Les marchandises échangées :

  • toiles et draps de Champagne, de Flandre et du Brabant…
  • produits orientaux : épices (poivre, safran, gingembre, etc.), drogues, soieries…
  • chevaux, fourrures d’Allemagne, poudre d’or, cire de Venise, cuirs d’Espagne…

Place financière

Le commerce de l’argent et la mise en place de systèmes de crédit firent de la Champagne, à partir de 1250, le centre financier de l’Europe. Les banquiers lombards, ceux de Toscane, de Milan ou de Plaisance, se devaient d’y être présents et d’y établir des succursales, à l’image des célèbres Biche et Mouche, Albizzo et Musciato Guildi dei Franzeisi, originaires de San Gimignano et liés aux Frescobaldi, principaux banquiers du roi Philippe le Bel.

Source : Au temps des comptoirs, de Philippe Chalmain et Alessandro Giraudo, François Bourin éditeur.

Aujourd’hui :

De l’époque des foires, Troyes et Bar-sur-Aube ont conservé de superbes caves voûtées, dont certaines sur plusieurs niveaux. Pour le reste, c’est en se promenant au cœur de Troyes, que l’on peut imaginer l’effervescence du moment, avec ses marchands étrangers, ses jongleurs, ses musiciens. L’activité se concentrait autour de la bien nommée église Saint-Jean-au-Marché (reconstruite au XVIe s.) et dans les rues alentour : rue Champeaux, rues Urbain IV (ex rue Moyenne) et Émile-Zola (ex rue de l’épicerie), où s’activaient les changeurs.

Templiers, une histoire née en Champagne

L’histoire de l'ordre du Temple est étroitement liée à l’histoire de la Champagne et, singulièrement, à celle de l’actuel département de l’Aube. Fondateur et premier maître du Temple, Hugues de Payns est natif d’un village proche de Troyes. Et c’est au concile de Troyes de 1129 que la règle de l’Ordre fut rédigée et adoptée sous l'égide de Bernard de Clairvaux.
La Champagne a fourni des figures majeures de l’ordre du Temple et des croisades. Au Moyen Âge, sous l’impulsion des comtes de Champagne établis à Troyes et à Provins, elle est, par excellence, la terre des aventuriers de l’Orient…

Le Beau XVIe, un âge d'or

La fin de la Guerre de Cent Ans, puis la fin des conflits avec la Bourgogne voisine ouvrent une période faste pour la Champagne et la ville de Troyes. La renaissance d’un commerce florissant pousse une bourgeoisie enrichie à embellir églises et hôtels particuliers. Ce "Beau XVIe" champenois constitue un âge d’or pour la sculpture et le vitrail dans toute la région. Après 1562, les Guerres de religion, sonneront le glas de cette période remarquable.

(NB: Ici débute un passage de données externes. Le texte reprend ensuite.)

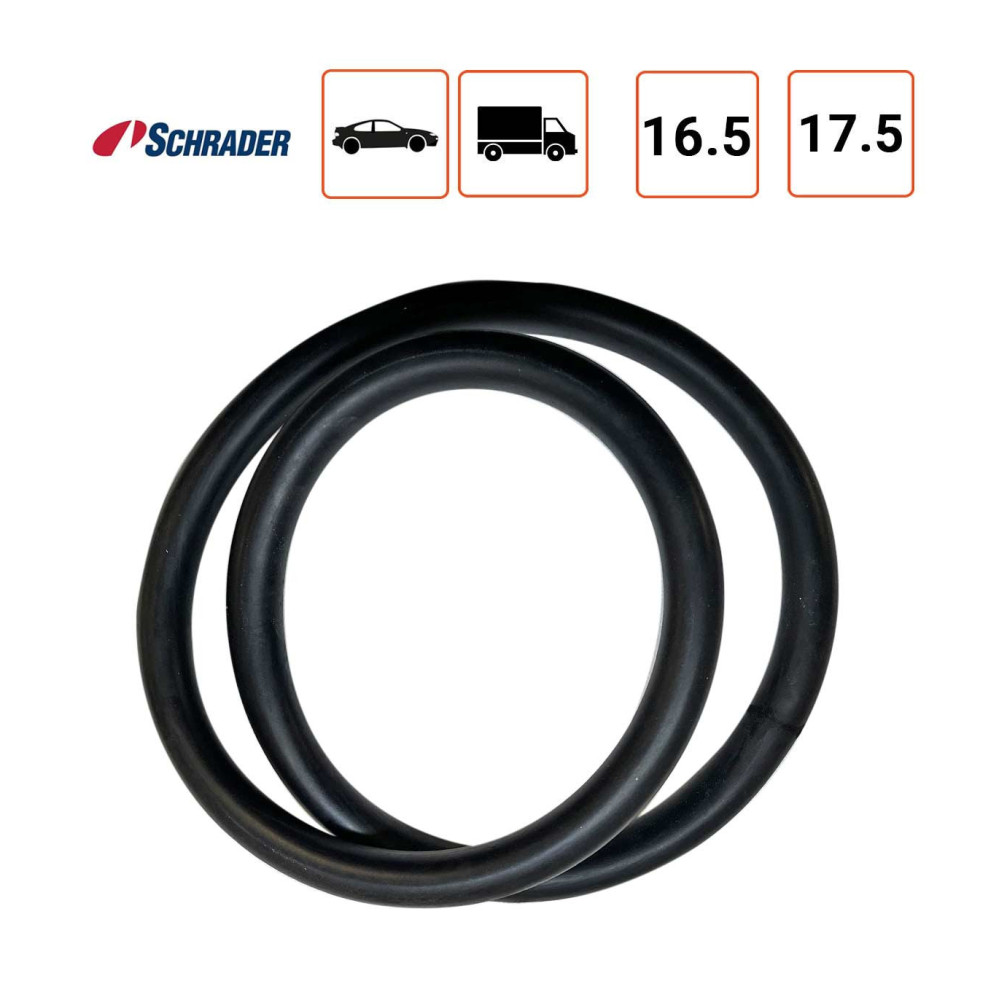 Anneau de gonflage souple taille 16.5 à 17.5 pouce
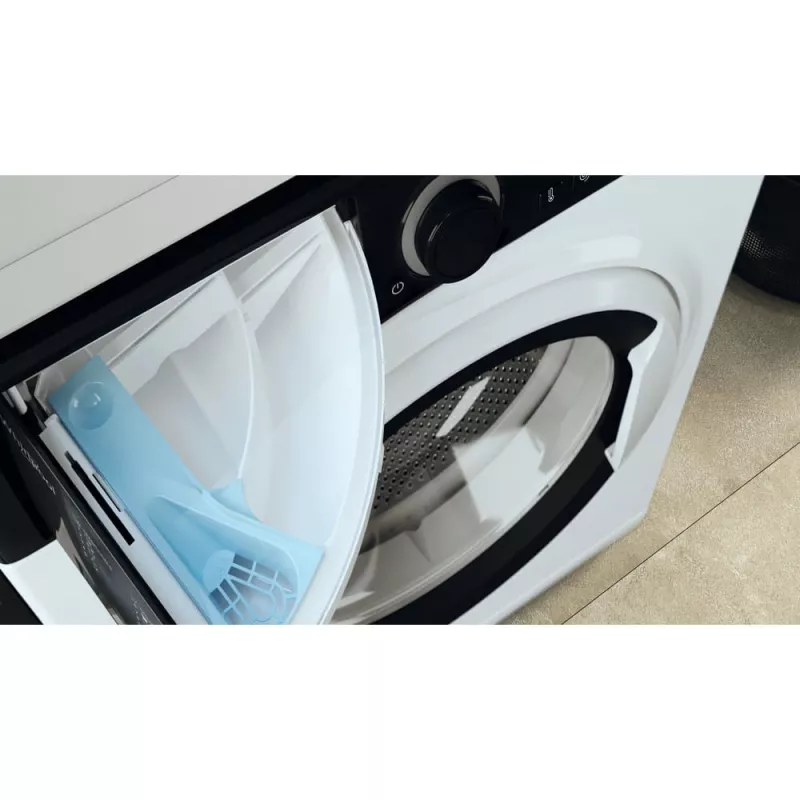 Whirlpool WRBSS 6249 S EU veļas mazgājamā mašīna ar priekšējo ielādi 6 kg 1151 RPM Balta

Le retour de la Champagne et de Troyes dans le giron du royaume de France amorcent une phase d’expansion économique. Les foires de Champagne sont relancées, malgré la concurrence lyonnaise. Le centre économique du monde s’est déplacé vers Venise et Anvers, qui tirent profit de leurs positions stratégiques dans le commerce de la soie, de la laine et des épices. Mais la Champagne dispose encore de nombreux atouts.

Le textile, les tanneries et le travail du cuir constituent déjà des points forts de la région. Dès 1474, la soie fait son apparition, puis les papeteries. On compte ainsi 9 moulins à papier en 1493 à Troyes. Le développement de l’imprimerie en est une conséquence naturelle. La famille Le Rouge s’installe à Troyes où elle imprime le premier livre troyen en 1483.
La vie intellectuelle se développe. 
Les nombreux échanges commerciaux enrichissent la bourgeoisie locale. Ville de transit entre l’Italie, Lyon et les Flandres, Troyes voit sa population augmenter de manière spectaculaire. De 11 000 habitants dans les années 1440, la ville passe à plus de 23 000 au tournant du XVIe siècle, ce qui fait de Troyes la 5e ville du royaume.
Les hautes maisons fleurissent, avec rez-de-chaussée bas, pignon pointu, étages à encorbellement et colombages.
Foyer d’excellence, la cité s’anime au cœur du siècle de la Renaissance et des Grandes Découvertes. Son rayonnement artistique dépasse les frontières. On s’arrache la main-d’œuvre et le savoir-faire troyens jusque sur le chantier du château de Fontainebleau !
Les échanges artistiques influencent énormément les sculpteurs champenois. Les inspirations germaniques, flamandes et italiennes constituent la base d’une production artistique nouvelle. Du gothique tardif (représenté par les œuvres du Maître de Chaource), le goût évolue ainsi vers le maniérisme alors à la mode dans toutes les grandes cours d’Europe.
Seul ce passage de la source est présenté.